First Quantum Minerals is one of the biggest investments in the Zambia mining sector. It is also the biggest contributor to government budget through tax payments. However, there are serious concerns about its corporate social investment and the impact of its activities on mining communities. Mining communities around its operations continue to complain about poor corporate-community engagement and negative impacts from pollution, poor social benefits, and displacement. This study of First Quantum Minerals will examine the effectiveness of corporate social investment of mining companies in Zambia. It will propose reforms that will position mining companies’ corporate social investment as a tool for sustainable development in support of the sustainable development goals.

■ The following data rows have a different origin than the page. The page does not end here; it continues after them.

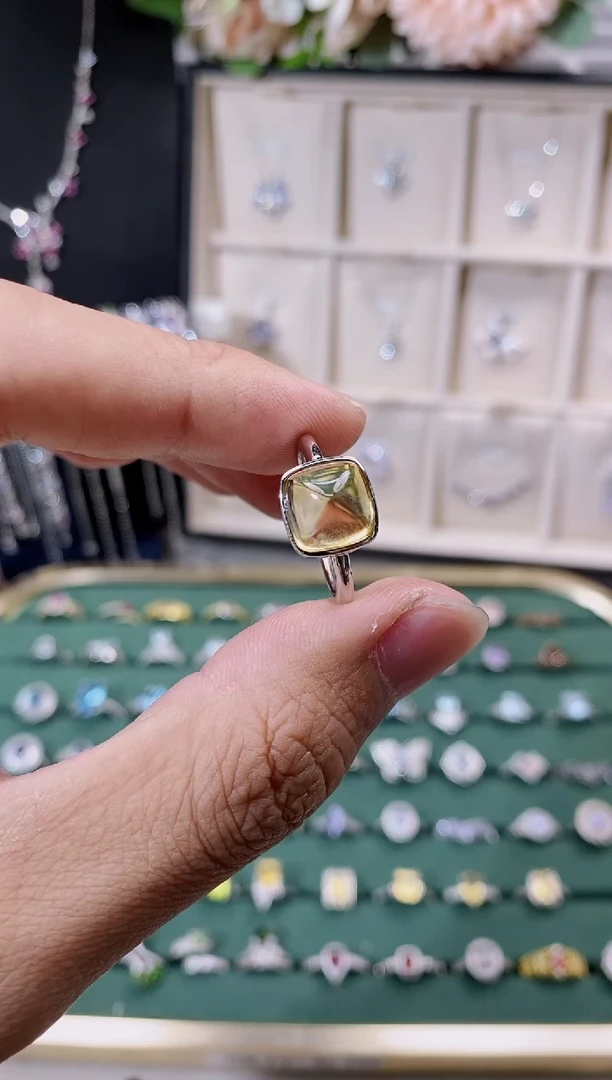 【闪购商品】黄晶戒指银S925镶嵌带证书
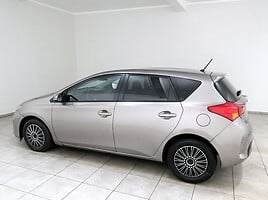 Toyota Auris D-4D 2013 г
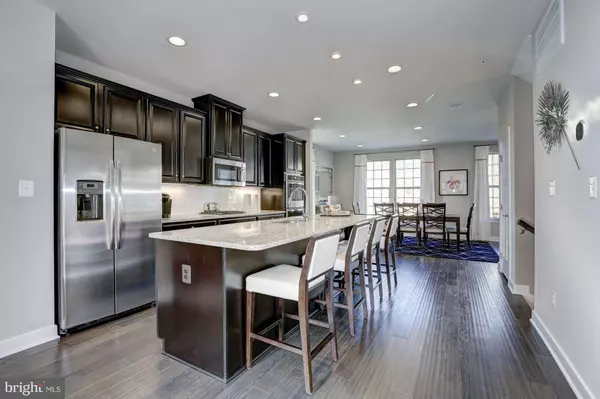 Laurel, MD 20707,7025 VAN DUSEN RD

Turning the D.R.C Artisanal Cobalt into Development

Artisanal mining contributes approximatively 20 per cent of total annual cobalt production in the DRC. The DRC is a major producer of this strategic metal, with 65 per cent of the world Cobalt reserves, and contributing 60 per cent of world production. Cobalt is one of the strategic metals that manufacturers, especially car manufacturers, are looking for to make electrical batteries. With pressure mounting to reduce the CO2 emission, key metals, such as Cobalt, have acquired a strategic importance for the world economy, and the price of Cobalt has tripled on the international market. However, there are concerns about the human rights issues linked with the cobalt produced by artisanal miners, and there are attempts to undermine the very existence of artisanal mining in the DRC. Environmental impact and the issue of child labour and of vulnerable persons (such as pregnant women) in artisanal mining activities have been raised as concerns. A number of international actors are concerned that artisanal production is negatively affecting the supply chain, leading to threats to boycott DRC cobalt. This project will propose ways to clean up artisanal production and guarantee the supply chain.